Optisch gefiel den Käufern der größere Kühlergrill, das gestreckte Hinterteil mit den schmalen Heckflossen und der geschwungenen Stoßstange mit den beidseitigen Auspufföffnungen. Erkennen kann man einen 1957 auch am Schriftzug auf dem vorderen Kotflügel, an der massiven, zweigeteilten kurvigen Stoßstange mit den integrierten Stand- und Blinklicht und der dem dortigen Typenschild. Das Reserverad war jetzt hinten im Kofferraum.

Andere Veränderungen merkte man erst auf den zweiten Blick wie beispielsweise die größeren Auslässe der Lüftungsklappen im Fußraum, verbesserte Bremsen, das 12-Volt-Elektrik-System und die 14 Zoll Räder.

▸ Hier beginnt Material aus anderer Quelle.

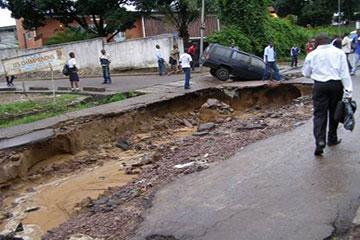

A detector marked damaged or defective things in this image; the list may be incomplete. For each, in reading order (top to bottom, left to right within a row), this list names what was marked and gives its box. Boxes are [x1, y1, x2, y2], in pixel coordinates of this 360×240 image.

damaged road surface [1, 79, 358, 240]
cracked asphalt [132, 75, 360, 240]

Der Preis lag bei 2,695 Dollar, kam aber leicht über 3800 Dollar, wenn man alle Optionen bestellte.

Eine der Optionen war das Hardtop mit dem seitlichen Bullauge, genannt Porthole, das beim Einparken sehr hilfreich war. Das Hardtop war gegenüber der Corvette und dem Jaguar, für die es zu der Zeit kein Hardtop gab, ein weiterer Pluspunkt.

Zur Auswahl standen 1957 drei verschiedene V8 Motoren. Standard waren 212 SAE-PS, das E Model mit zwei Vierfach-Vergaser und 270 SAE-PS, und der seltene F supercharged mit Kompressormotor und 300 SAE-PS.

Der 1957 T-Bird wurde insgesamt 23.160 Mal gebaut. Es war der erfolgreichste Jahrgang aller T-Birds und ist bis heute für viele Thunderbird-Fans das schönste Modell der ganzen Produktionszeit.